In early 1735 the village of Lebanon Crank (now Columbia) was looking for a new minister. The previous minister, hired fresh out of Yale a decade earlier, displayed too much fondness for drink and had been forced to resign. His replacement, another fresh Yale graduate, was Eleazar Wheelock, who was to have a lasting impact on the town and on the history of American religion, Indian relations, and education.

Wheelock was a gifted orator with a special talent for awakening in his hearers the terrifying sense of sinfulness and fear of damnation that were crucial factors in the religious revival we know as the Great Awakening. This ability made him one of the movement’s most sought-after preachers. While serving his own flock, he was constantly called on to preach throughout New England, at one time offering more than 450 sermons in a single year. This itinerancy made him a special target of opponents of the Awakening and put him in constant disagreement with his home town over what he should be paid. (Until 1818, Connecticut’s ministers’ salaries were paid by local taxpayers, not just church members, so in the best of circumstances ministers’ compensation was a source of contention.)

To supplement what he saw as an insufficient salary, Wheelock began teaching English students in his Columbia home. Joining them in 1743 was Samson Occom, a remarkable Mohegan scholar whom Wheelock educated, preparing him to be a minister to other indigenous people. Wheelock came to believe he was divinely called to train Indian missionaries. He established Moor’s Indian Charity School (named after a donor) in 1754, and by 1770, 49 boys and 18 girls from tribes near and far had come to be educated there. Wheelock sent Occom, his first indigenous minister, on a highly successful trip to England between 1766 and 1768 to raise funds to move the school closer to the Anglo-Indian frontier. Though Occom raised £12,000, more than today’s equivalent of two-and-a-half million dollars, Wheelock dismissed his efforts, which led to a permanent rupture between the two. Wheelock, like a modern corporate executive, shopped his now well-funded Indian school’s relocation around to see who would offer the best incentives. The winner in a multi-colony competition was New Hampshire, which provided Wheelock’s school a huge land grant near present day Hanover. As a result, Dartmouth College was founded there by Wheelock in 1769, and it continues to be one of the nation’s premier educational institutions.
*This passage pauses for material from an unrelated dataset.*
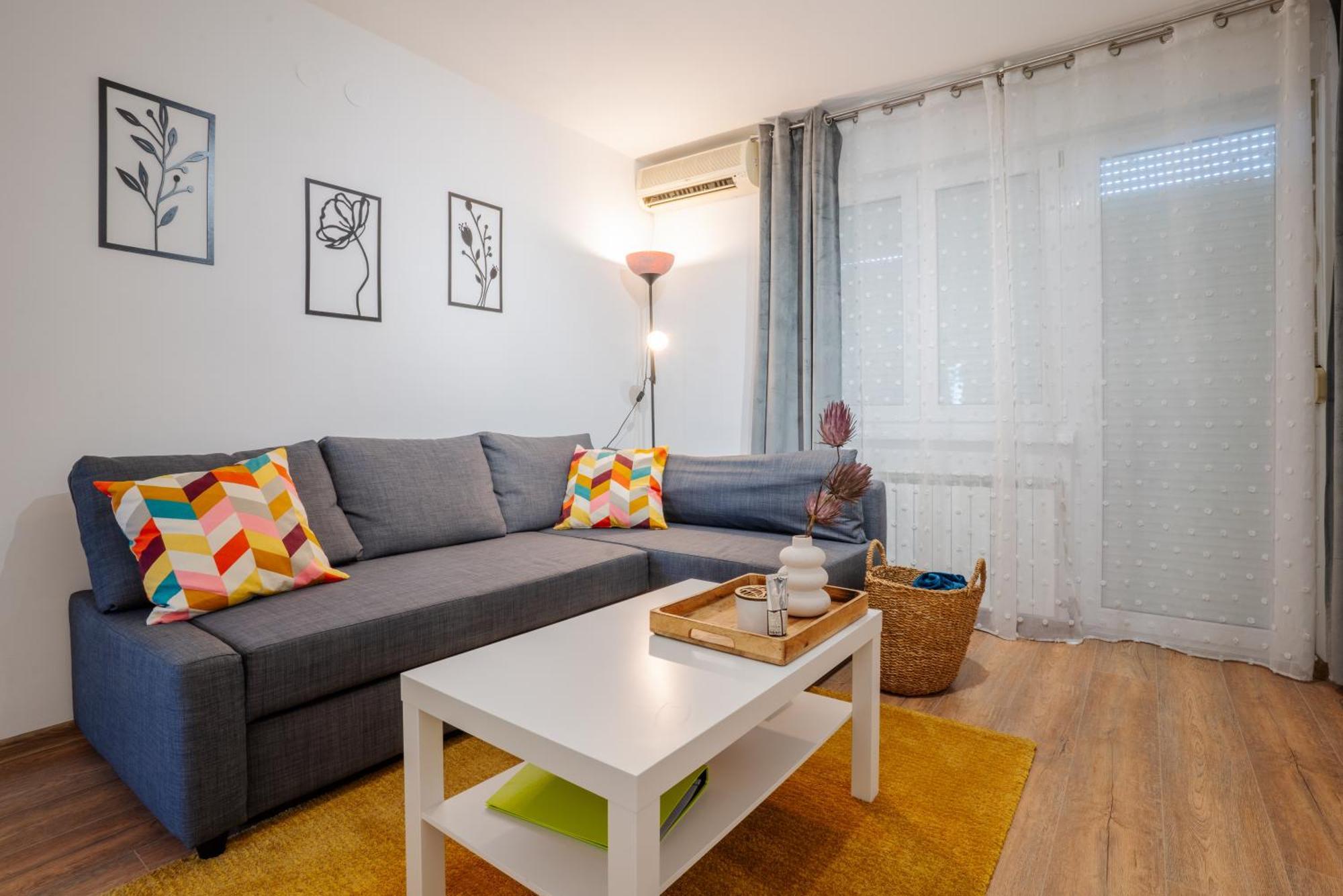 Apartman Sanda Vukovar Buitenkant foto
v14n3_255x300For his part, Samson Occom joined other native missionaries in establishing the Brothertown community in New York, a place for Indian settlement and Christian conversion far removed from Wheelock’s influence. Visitors who want to find the roots of both Dartmouth College and, indirectly, Brothertown, can do so at Moor’s Indian Charity school house, behind the Congregational church, on the green in Columbia.

Walter W. Woodward is the Connecticut state historian.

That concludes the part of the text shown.